======== Data provided ========

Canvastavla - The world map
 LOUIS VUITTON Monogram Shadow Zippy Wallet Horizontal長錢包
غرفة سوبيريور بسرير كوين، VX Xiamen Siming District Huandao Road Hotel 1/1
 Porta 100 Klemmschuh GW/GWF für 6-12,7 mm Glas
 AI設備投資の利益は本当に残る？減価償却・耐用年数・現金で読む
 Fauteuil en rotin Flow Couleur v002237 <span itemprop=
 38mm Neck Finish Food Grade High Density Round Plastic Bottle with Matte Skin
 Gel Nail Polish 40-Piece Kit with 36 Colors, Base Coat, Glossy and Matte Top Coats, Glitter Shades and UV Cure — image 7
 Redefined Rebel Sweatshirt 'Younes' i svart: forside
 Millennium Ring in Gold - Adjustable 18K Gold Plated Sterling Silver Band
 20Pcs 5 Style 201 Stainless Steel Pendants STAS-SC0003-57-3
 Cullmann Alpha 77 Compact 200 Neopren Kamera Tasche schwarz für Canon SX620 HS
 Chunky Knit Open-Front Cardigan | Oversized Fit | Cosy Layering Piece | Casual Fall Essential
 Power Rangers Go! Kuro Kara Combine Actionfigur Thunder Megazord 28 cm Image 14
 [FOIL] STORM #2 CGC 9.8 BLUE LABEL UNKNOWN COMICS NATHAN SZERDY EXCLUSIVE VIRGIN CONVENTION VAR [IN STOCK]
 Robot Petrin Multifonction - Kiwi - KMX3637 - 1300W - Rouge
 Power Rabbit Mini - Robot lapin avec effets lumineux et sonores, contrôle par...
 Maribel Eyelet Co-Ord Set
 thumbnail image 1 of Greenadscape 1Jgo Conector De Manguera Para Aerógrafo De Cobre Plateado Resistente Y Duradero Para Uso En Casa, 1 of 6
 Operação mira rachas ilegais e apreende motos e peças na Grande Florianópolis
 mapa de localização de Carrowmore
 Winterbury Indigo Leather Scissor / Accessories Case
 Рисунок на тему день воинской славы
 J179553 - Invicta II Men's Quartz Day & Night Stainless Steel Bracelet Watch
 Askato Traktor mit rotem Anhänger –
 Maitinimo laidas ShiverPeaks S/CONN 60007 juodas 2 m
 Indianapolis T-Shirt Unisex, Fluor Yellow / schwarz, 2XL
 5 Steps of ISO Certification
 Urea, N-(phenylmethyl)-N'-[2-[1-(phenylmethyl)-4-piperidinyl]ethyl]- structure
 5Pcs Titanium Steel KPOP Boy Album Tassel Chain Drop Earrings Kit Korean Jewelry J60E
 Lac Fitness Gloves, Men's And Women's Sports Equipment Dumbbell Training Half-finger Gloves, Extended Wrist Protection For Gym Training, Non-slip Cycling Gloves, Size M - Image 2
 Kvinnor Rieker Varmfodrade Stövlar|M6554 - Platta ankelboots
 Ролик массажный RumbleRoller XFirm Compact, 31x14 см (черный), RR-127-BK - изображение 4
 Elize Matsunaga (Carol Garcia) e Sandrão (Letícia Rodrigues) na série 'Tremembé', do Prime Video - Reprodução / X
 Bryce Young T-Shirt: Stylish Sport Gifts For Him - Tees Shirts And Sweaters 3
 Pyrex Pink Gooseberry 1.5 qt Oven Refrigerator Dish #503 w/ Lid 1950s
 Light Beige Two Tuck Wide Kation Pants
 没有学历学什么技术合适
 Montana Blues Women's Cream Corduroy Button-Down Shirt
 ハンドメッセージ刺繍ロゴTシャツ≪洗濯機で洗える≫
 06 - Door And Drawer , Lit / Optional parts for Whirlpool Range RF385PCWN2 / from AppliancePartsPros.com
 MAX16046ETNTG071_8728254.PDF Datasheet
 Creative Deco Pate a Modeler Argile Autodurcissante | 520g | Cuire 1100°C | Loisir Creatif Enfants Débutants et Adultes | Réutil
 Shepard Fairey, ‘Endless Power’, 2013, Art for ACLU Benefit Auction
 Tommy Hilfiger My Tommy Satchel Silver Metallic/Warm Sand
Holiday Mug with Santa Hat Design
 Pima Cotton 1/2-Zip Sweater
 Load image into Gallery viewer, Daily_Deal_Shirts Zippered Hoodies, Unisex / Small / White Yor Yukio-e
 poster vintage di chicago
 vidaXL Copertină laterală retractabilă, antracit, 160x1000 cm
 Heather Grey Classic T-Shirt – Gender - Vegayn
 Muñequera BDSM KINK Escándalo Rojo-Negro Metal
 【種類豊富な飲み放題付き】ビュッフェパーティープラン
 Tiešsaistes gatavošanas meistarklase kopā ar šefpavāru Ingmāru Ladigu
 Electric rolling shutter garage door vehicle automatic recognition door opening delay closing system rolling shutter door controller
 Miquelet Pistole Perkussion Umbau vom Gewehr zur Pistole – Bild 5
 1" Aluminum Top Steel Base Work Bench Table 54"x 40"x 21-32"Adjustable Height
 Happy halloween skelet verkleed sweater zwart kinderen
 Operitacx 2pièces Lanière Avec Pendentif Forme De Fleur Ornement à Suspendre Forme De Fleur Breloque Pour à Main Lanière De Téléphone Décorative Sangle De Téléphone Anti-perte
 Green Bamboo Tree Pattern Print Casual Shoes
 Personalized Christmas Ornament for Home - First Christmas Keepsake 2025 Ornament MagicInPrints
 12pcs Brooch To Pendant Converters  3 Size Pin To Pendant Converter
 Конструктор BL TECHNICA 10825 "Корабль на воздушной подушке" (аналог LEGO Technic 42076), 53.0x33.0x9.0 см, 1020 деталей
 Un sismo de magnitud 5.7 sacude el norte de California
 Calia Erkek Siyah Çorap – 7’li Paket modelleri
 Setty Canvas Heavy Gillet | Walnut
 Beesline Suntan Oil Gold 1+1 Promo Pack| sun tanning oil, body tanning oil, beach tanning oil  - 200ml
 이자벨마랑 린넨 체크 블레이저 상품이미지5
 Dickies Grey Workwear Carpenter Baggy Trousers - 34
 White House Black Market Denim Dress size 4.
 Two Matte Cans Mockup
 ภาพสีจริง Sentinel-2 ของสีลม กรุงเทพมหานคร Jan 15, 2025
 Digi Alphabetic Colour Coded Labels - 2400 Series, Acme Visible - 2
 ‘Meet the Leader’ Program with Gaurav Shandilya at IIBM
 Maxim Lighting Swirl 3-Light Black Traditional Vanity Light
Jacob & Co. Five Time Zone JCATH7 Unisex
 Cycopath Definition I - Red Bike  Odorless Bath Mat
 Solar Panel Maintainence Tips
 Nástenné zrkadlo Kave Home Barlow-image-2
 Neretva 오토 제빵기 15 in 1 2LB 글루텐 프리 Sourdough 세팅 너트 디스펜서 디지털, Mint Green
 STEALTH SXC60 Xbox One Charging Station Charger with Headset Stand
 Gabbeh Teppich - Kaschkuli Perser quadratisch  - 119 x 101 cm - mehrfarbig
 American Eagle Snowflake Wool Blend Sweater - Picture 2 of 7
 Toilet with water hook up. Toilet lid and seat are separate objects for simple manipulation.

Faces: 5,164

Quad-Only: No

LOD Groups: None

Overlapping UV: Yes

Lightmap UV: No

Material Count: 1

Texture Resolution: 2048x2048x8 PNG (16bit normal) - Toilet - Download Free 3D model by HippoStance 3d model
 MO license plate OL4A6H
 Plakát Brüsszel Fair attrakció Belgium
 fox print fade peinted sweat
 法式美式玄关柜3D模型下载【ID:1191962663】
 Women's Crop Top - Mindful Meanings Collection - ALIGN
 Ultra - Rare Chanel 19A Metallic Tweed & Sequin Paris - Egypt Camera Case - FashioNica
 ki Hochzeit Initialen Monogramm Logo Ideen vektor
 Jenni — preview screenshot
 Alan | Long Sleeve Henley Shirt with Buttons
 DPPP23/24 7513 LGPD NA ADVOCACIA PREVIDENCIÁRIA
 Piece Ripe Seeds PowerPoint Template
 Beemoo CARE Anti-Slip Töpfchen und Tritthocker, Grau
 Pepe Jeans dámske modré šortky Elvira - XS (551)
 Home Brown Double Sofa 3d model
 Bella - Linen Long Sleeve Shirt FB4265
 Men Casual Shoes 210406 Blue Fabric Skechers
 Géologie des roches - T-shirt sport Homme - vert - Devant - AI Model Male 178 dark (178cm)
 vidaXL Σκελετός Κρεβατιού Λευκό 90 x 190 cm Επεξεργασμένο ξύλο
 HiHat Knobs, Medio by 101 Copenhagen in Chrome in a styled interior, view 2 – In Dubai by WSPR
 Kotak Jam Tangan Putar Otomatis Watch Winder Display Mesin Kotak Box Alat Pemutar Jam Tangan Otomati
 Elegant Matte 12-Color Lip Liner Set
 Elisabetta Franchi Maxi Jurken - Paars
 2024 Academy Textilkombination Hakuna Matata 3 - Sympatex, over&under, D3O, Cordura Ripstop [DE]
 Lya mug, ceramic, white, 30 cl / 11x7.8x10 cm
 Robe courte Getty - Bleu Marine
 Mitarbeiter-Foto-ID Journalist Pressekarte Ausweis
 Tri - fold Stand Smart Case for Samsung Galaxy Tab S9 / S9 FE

========

What is required
Among the records above, repeat exactly the line with "5 Steps of ISO Certification", the line with "5Pcs Titanium Steel", and every line in between, and only those.

Answer section
 5 Steps of ISO Certification
 Urea, N-(phenylmethyl)-N'-[2-[1-(phenylmethyl)-4-piperidinyl]ethyl]- structure
 5Pcs Titanium Steel KPOP Boy Album Tassel Chain Drop Earrings Kit Korean Jewelry J60E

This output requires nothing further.